The bill was filed by State Farm Mutual Automobile Insurance Company, appellee, naming as respondents Frank Hogg, appellant, and Thomas J. Hogg, Mary Anne Hogg and Hubert S. Fulton, Jr.

The policy was issued by State Farm to Mary Anne Hogg covering her automobile which was being driven with her permission by Fulton when it collided with another automobile being driven by appellant, Frank Hogg. The coverage question arose when appellant and his father, Thomas J. Hogg, filed suits against Fulton seeking damages resulting from bodily injuries allegedly sustained by appellant in the accident.

Fulton claimed coverage as an omnibus insured under the following provisions of the policy, viz.:

“DEFINITIONS — INSURING AGREEMENTS I AND II
“Named Insured — means the individual so designated in the declarations and also includes his spouse, if a resident of the same household.
“Insured — under coverages A, B, C and M, the unqualified word ‘insured’ includes (1) the named insured, and also includes (2) his relatives, (3) any other person while using the owned automobile, provided the actual use of such automobile is with the permission of the named insured, and (4) under coverages A and B any person or organization legally responsible for the use thereof by an insured as defined under the three subsections above.”

We are concerned here with coverage A, which applies to bodily injury.

State Farm denied coverage because of the following policy exclusion, viz.:

“EXCLUSIONS — INSURING AGREEMENTS I AND II
“This insurance does not a.pply under:
‡ ‡ ‡ ‡ ‡ ‡
“(g) coverage A, * * * (2) to bodily injury to the insured or any member of the family of the insured residing in the same household as the insured;
ifi ‡ ifc 5|C í}C ‡ )f

The trial court held that State Farm was not obligated to defend Fulton in the suits, nor to pay any judgments which might be rendered therein. This appeal is from that decree.

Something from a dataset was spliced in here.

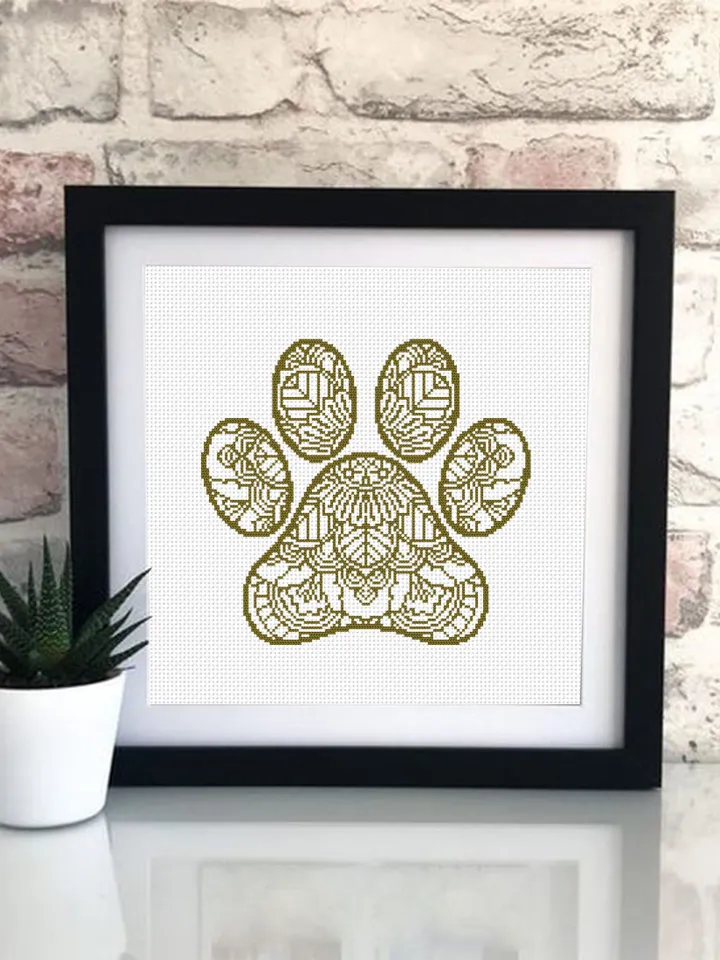 Mandala cat paw cross stitch pattern PDF download Monochrome mandala cross stitch chart, Mandala ornament embroidery PDF, Home decor #M224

It was stipulated that appellant, Frank Hogg, is the brother of the named insured, Mary Anne Hogg, and that both of them resided in the same household with their father, Thomas J. Hogg. The only point at issue is whether the term “insured,” as used in the exclusion provision, means only the person claiming coverage under the policy, that is, Fulton, or means the named insured, Mary Anne Hogg, as well as Fulton, who has coverage under the omnibus clause, supra.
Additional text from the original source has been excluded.